I’ll be your mirror è strutturato su un ritmo ancora più lento, ancora più minimale. La voce di Nico, che non dobbiamo immaginare come la voce di una cantante che lancia note di un certo peso e diventa la protagonista del brano (Mina, tanto per capirci), ma al contrario sembra sussurrare le parole, con un effetto ipnotico, è “strumento” a fianco di strumenti che sembrano privilegiare il “togliere” piuttosto che l’aggiungere, che sussurrano piuttosto che gridare e in cui l’acuto, o comunque il virtuosismo vocale, è del tutto bandito.

“Sarò il tuo specchio / rifletterò quello che sei / nel caso non lo sapessi / sarò il vento, la pioggia e il tramonto / la luce alla tua porta / per mostrarti che sei a casa / Trovo difficile/ credere che tu non sia consapevole della tua bellezza / ma se non lo sei lascia che io sia i tuoi occhi / una mano nel tuo buio, così che tu non abbia paura.”

Il testo di Femme fatal, e la musica altrettanto sottotono rispetto al mainstream di un rock che in quegli anni la faceva da padrone, sono l’esempio migliore di una operazione complessiva in cui, per così dire, tutto si tiene: c’è un testo provocatorio, c’è un ironico distacco che prefigura un sottotesto possibile, c’è una musica che sottolinea, con poche “pennellate” (ma bisognerebbe in realtà tenersi alla larga da incauti parallelismi tra arti che poco hanno a che vedere tra loro) una situazione, un contesto facilmente identificabile. 

“Eccola che arriva / attento a come ti muovi / ti spezzerà il cuore in due / davvero / Non è difficile da capire / basta guardare il colore falso dei suoi occhi / ti elogerà solamente per poi umiliarti / che pagliaccio”.

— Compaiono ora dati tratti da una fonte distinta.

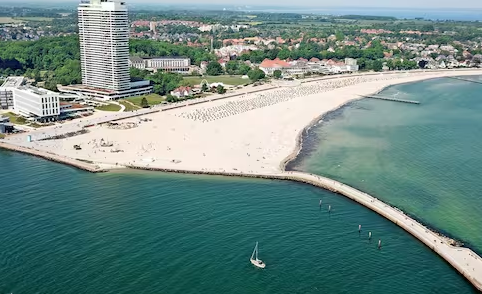 Mehrfamilienhaus zum Kauf provisionsfrei 3.499.500 € 605 m²<br/>Wohnfläche 936 m²<br/>Grundstück ab sofort<br/>Verfügbarkeit Timmendorfer Strand Timmendorfer Strand 23669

Sono solo alcune frasi, forse neanche del tutto significative, con cui, al netto di una traduzione in italiano che certamente fa perdere gran parte della musicalità del testo inglese, ma che comunque danno l’idea del tono “minimale” (John Cale).

Lo scenario del resto non cambia se si guarda e si ha la pazienza di andare a leggere i testi dei Velvet nella loro completezza, perché qui davvero, con una metafora scontata, il pedale rappresenta tutta la bicicletta.

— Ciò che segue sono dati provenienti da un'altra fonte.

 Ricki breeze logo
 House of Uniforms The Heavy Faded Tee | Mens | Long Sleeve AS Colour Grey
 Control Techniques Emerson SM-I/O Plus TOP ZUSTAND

Nel senso che i testi che scriveranno i diversi componenti del gruppo, quando questo si scioglierà, più o meno ufficialmente, e questi percorreranno strade musicali diverse, saranno tutti, più o meno, sotto il segno di quella esperienza iniziale. Segno di una specie di imprinting, in senso del tutto positivo, che sarà poi alla base, e in altri contesti, della capacità di consolidarsi da parte della musica rock, e di uscire dalla trappola di essere considerata come un fenomeno passeggero.